Hybrid tint combines dyed and metalized types. This premium type of tint reflects and absorbs making it a popular choice.

Ceramic tint, the newest technology, uses nano-ceramics to absorb twice as much heat as dyed or hybrid while maintaining lighter shades. Ceramic provides the best clarity with high durability.

Crystalline tint offers heat and infrared blockage, without really darkening the windows. Comprised of 200 layers of film (yet thinner than a Post-It), crystalline tint is several shades lighter than your average tint (almost clear), and blocks up to 97 percent of the sun's infrared light and 60 percent of the heat coming through the windows. However, this top-of-the-line tint comes at a cost, with the average price ranging between $500 and $800.

Car window tinting

There are several different types of car window tints to choose from. (Photo contributed by Angie's List member Tracy G. of Fontana, California)

Hiring a window tinter

You can install window tinting yourself by purchasing a window film guide, but to ensure a quality result, avoid a DIY tint job and hire a professional.

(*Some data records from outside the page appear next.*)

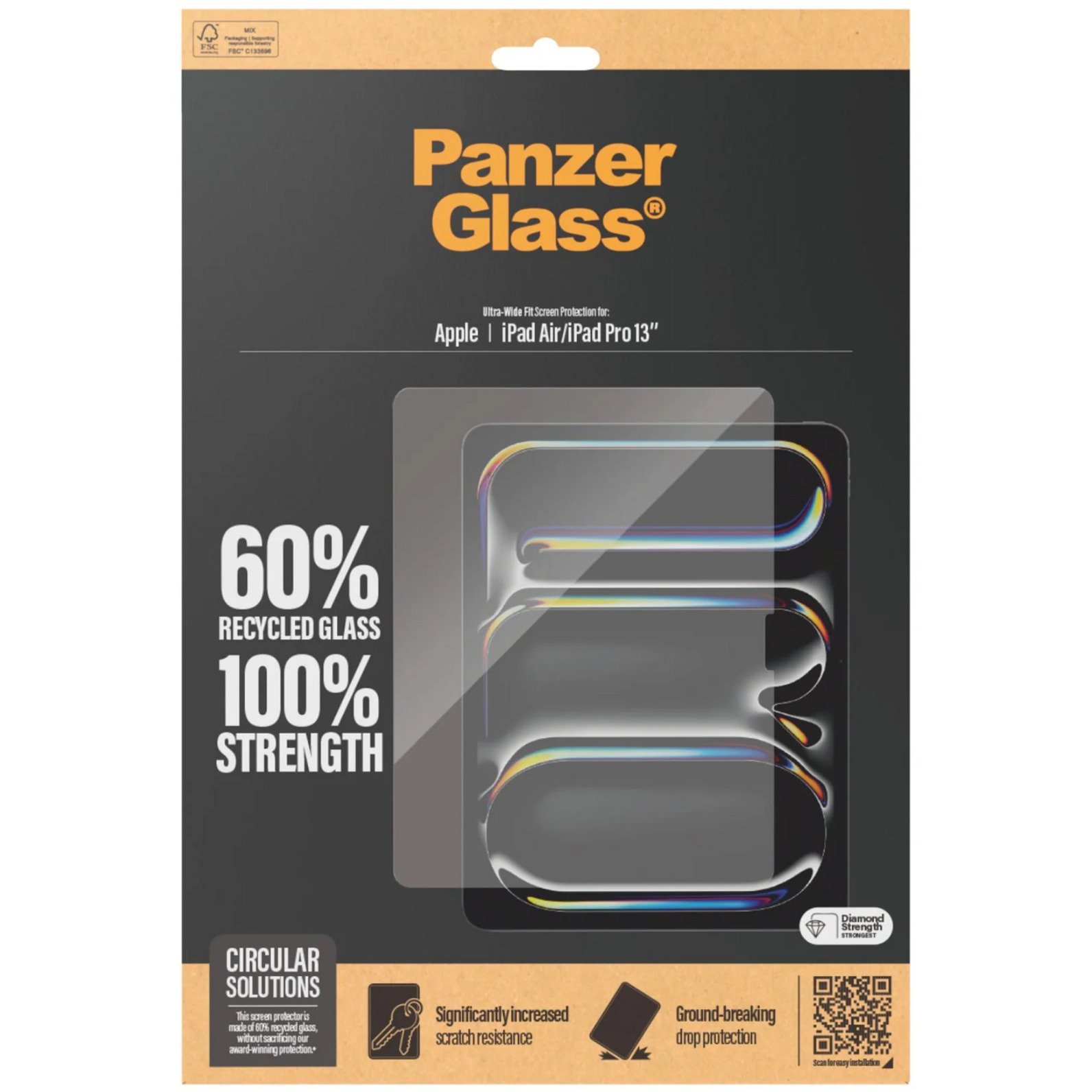 Displayschutz Ultra-Wide Fit, Schutzfolie Displayschutz Ultra-Wide Fit, Schutzfolie von PanzerGlass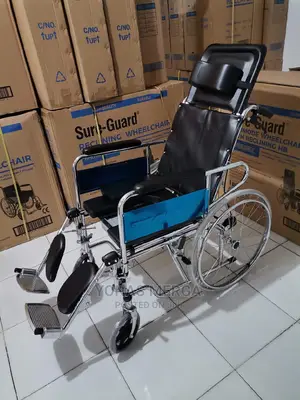 Toilet Commode Wheelchair Standard Wheelchair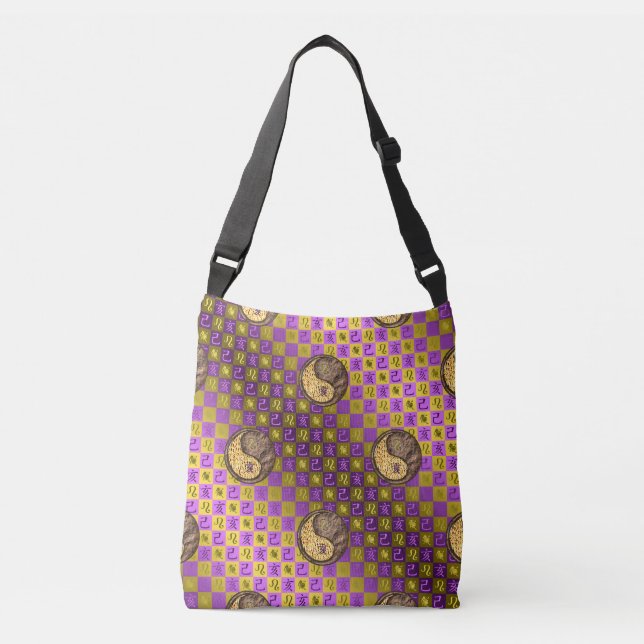 Leo & Earth Boar Crossbody Bag (Front)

Start by consulting Angie's List, where you can read through the experiences of other car owners with pros in your area. Before selecting a company, contact several installers for estimates, visit their shops to see the product and ask questions such as the following:

1. How long have you been in business?

2. What's the warranty on your products and workmanship?

3. Is the warranty transferable if I sell my vehicle?

4. Are you an approved product installer?

When visiting the shop, confirm that the workroom is indoors and neat and clean for a dust-free work environment. Observe the employees for professionalism and friendliness.

Ask to see samples of their tint jobs. Check their work closely for any gaps or bubbles. Find out if the tint is applied in one piece or several pieces. Instead of cutting the tint by hand, some installers use a computer laser cutter for a more precise fit.

Discover whether the installer understands the local tinting laws. The degree of tinting is regulated by local law enforcement and varies from state to state. Oftentimes, the state requires more stringent regulations on tinting the front window as opposed to those located in the rear of the vehicle. The International Window Film Association released in May 2014 an updated list of state laws.

In some areas the installer must place a sticker on the car to prove the tint is legal. The amount of light visible through the tint is rated by Visible Light Transmittance (VLTs). Film VLT percent is the film alone and Net VLT percent is for the film and glass together.

Cost to tint windows

The cost for window tint varies greatly depending on a number of factors, one of which is the type of car involved. Some car models with steep and curved rear windows, or easily damaged electronics, require panels and speakers to be manually removed from the vehicle, increasing the cost. Also, the bigger the car, the larger the windows and the more film that will be required to cover the windows.

The quality of the film is also a factor in determining price. While they all may look good after the initial installation, the cheaper film tends to bubble and crack over time. Look for a high-quality film with a lifetime warranty.

Costs for window film can range from $150 to $500 or more. Get multiple estimates from several highly rated shops that specialize in window tinting before agreeing to have the work done. Compare apples to apples, and be wary of a price much lower than the other estimates for the same type of work. As with many things, you often get what you pay for.